Against a pancake-flat horizon dotted by nodding oil pumps, Hoxie Smith sweeps his hand across 600 acres where he expects the nation's first "clean coal" power plant to rise from a vista of mesquite and prickly-pear cactus.
He's leading the Odessa, Texas, bid for a joint public-private project to build a revolutionary energy source that would emit virtually no greenhouse gases.
"I think we're on the verge of an energy renaissance in this country," says Mr. Smith. "Texas is going to lead the way."
Several Lone Star initiatives are under way. A second Texas city is vying for the project. In the private sector, at least a dozen proposals using similar technology have surfaced in the state in the past year. If the race to build climate-neutral coal-fired plants is heating up here in the home of Big Oil, it's a sign that America's energy industry is eyeing seriously new ways of producing power without warming the planet.
The idea is simple: Capture greenhouse gases before they go up the smokestack. Some promising technologies have already been developed. But several obstacles remain, key among them: storage and cost.
Scientists are hard at work here on the first challenge, trying to figure out if greenhouse gases can be stored safely and permanently underground.

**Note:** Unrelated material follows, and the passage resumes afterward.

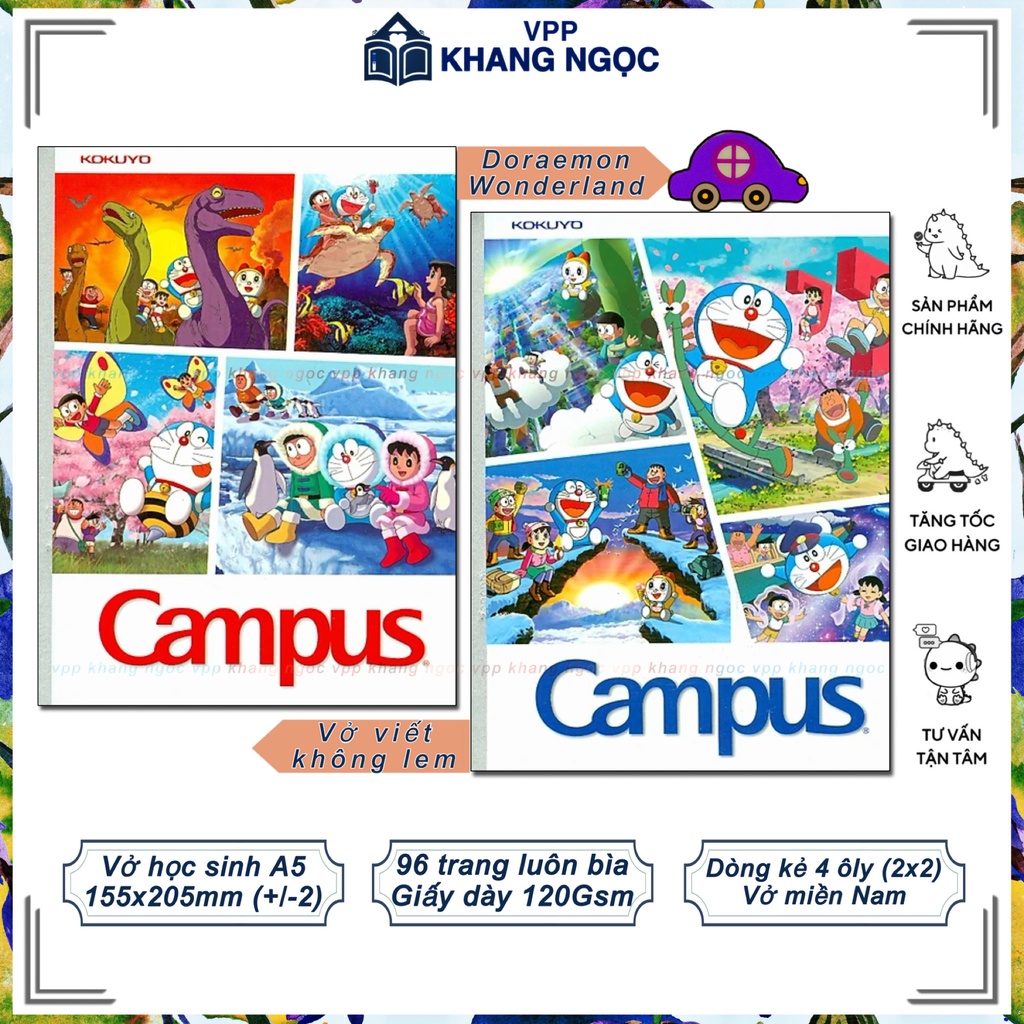Lốc 5 Quyển Vở Học Sinh 96 Trang 4 Ô Ly - Campus Doraemon Wonderland, ĐL 120gsm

Texas' underground salt basins and old oil and gas fields are among the prime areas being considered to hold the nation's waste carbon-dioxide (CO2) and other greenhouse gases.
The second challenge is to find cost-effective ways to trap those gases in power plants before they go up the smokestack.
At the moment, the leading technology to do this is coal gasification, otherwise known as Integrated Gasification Combined Cycle or IGCC. Instead of burning coal, an IGCC system heats it up with steam until it breaks apart into a concentrated stream of gases, including CO2. The CO2 is captured while other gases, including hydrogen, are burned to produce electricity.